Actually, we think that percutaneous treatment of biliary leakages from HJA or a cut liver surface should also always precede the surgical approach in the absence of intrahepatic biliary duct dilatation. In our experience, although long-term maintenance of PTBD resulted in patient discomfort, the PTBD-related procedures were not associated with complications; moreover, fistulas healed in more than 90% of patients without need of surgery. The group of patients described in the study had a median follow-up of 1110 days after catheter removal; in only 1 case we found evidence of a biliary stricture, 6 years after percutaneous cholangiography. We do not think that the stricture was directly correlated to the procedure performed 6 years before. We did not find any report of large series of liver-transplanted patients defining the risk of biliary stricture following percutaneous treatment of bile leakage, but we believe that the key point is to avoid long retention of the drainage after the resolution of the fistula.

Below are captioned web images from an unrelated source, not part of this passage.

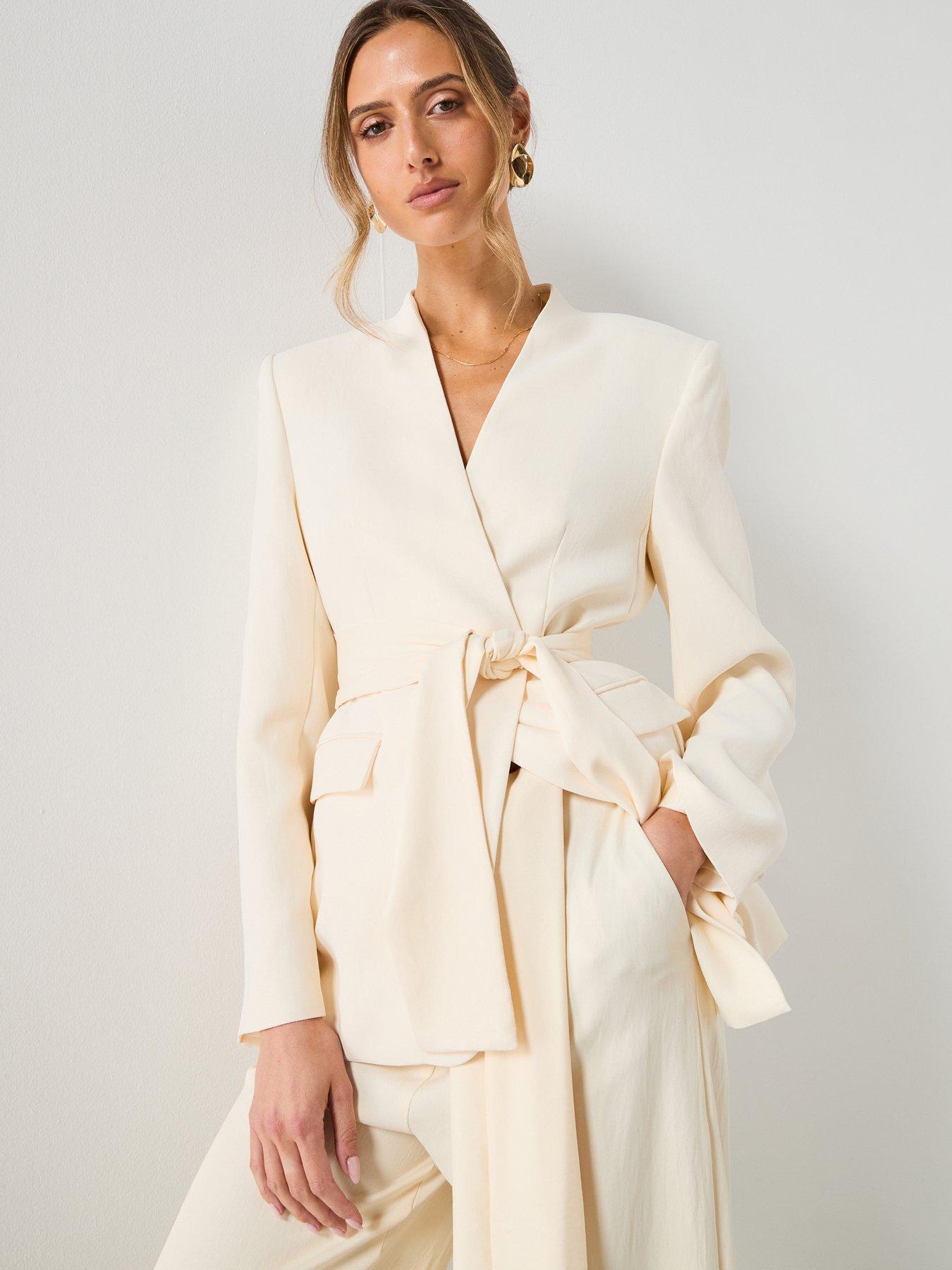 Mango Suit Blazer Co-ord Without Lapels - Cream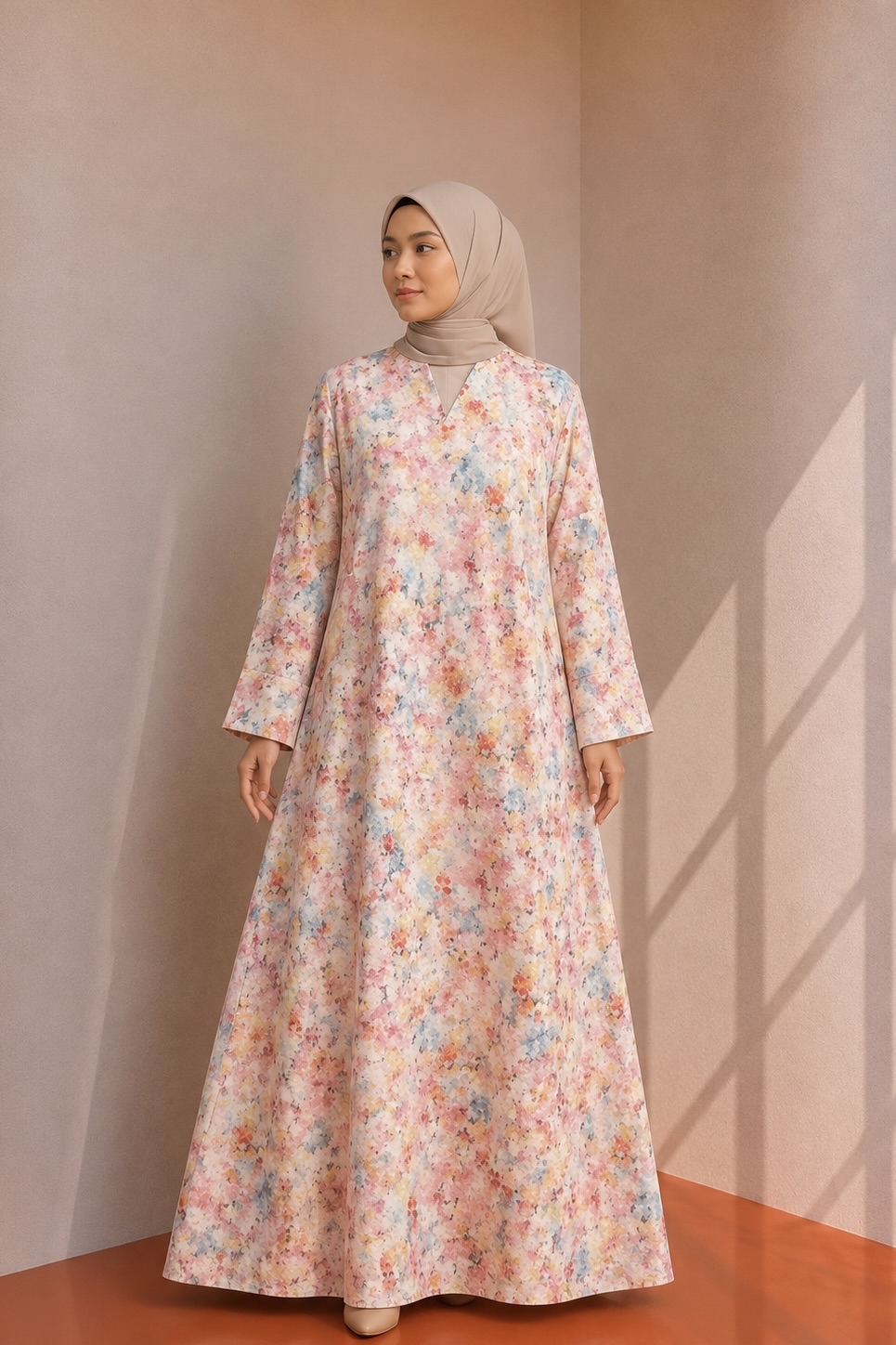Linen Dress - Pink Blossoms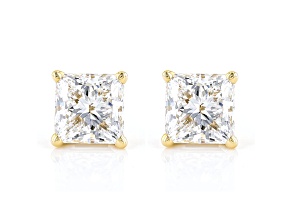 Certified White Lab-Grown Diamond E-F SI 18k Yellow Gold Stud Earrings 2.00ctw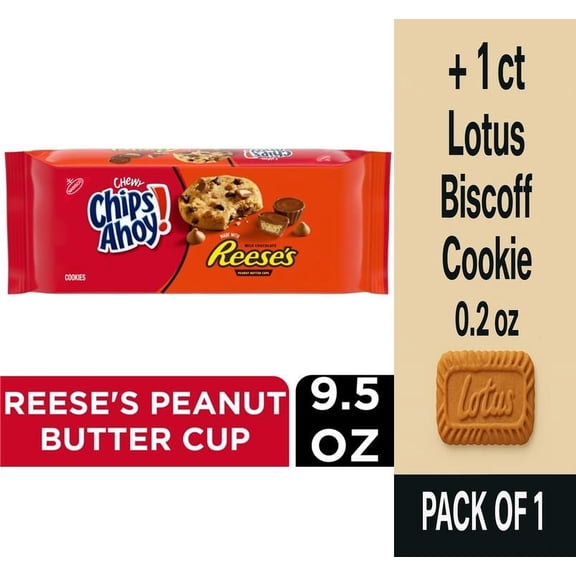 CHIPS AHOY! Chewy Chocolate Chip Cookies with Reeses Peanut Butter Cups 9.5 oz - Pack of 1 & Lotus Biscoff Cookie - 0.2 Oz - 1 ct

In conclusion, our results indicate that PTBD is a relevant technique in the treatment of biliary leakage from HJA post-LT or from a cut liver surface after SLT. The procedure allows us to obtain the complete healing of the leakage, and we suggest considering PTBD always before any surgical approach; the absence of intrahepatic biliary duct dilatation should not be a contraindication for the treatment.